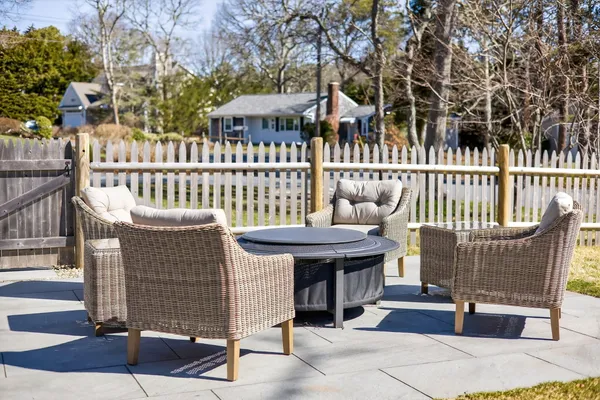 $575,000 | 1 Charing Cross Road, South Dennis, MA 02660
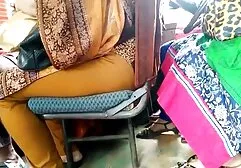 Lascivious男性fucksのお尻のセクシーなブルネット アダルト 動画 鈴木 一徹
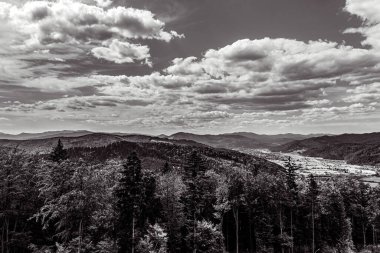 Karpatlar'ın güzel dağlarda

..........

**About this task**. Please provide a faithful transcription of all the data, pictures excluded.

**Your response**.
 $575,000 | 1 Charing Cross Road, South Dennis, MA 02660
 Lascivious男性fucksのお尻のセクシーなブルネット アダルト 動画 鈴木 一徹
 Karpatlar'ın güzel dağlarda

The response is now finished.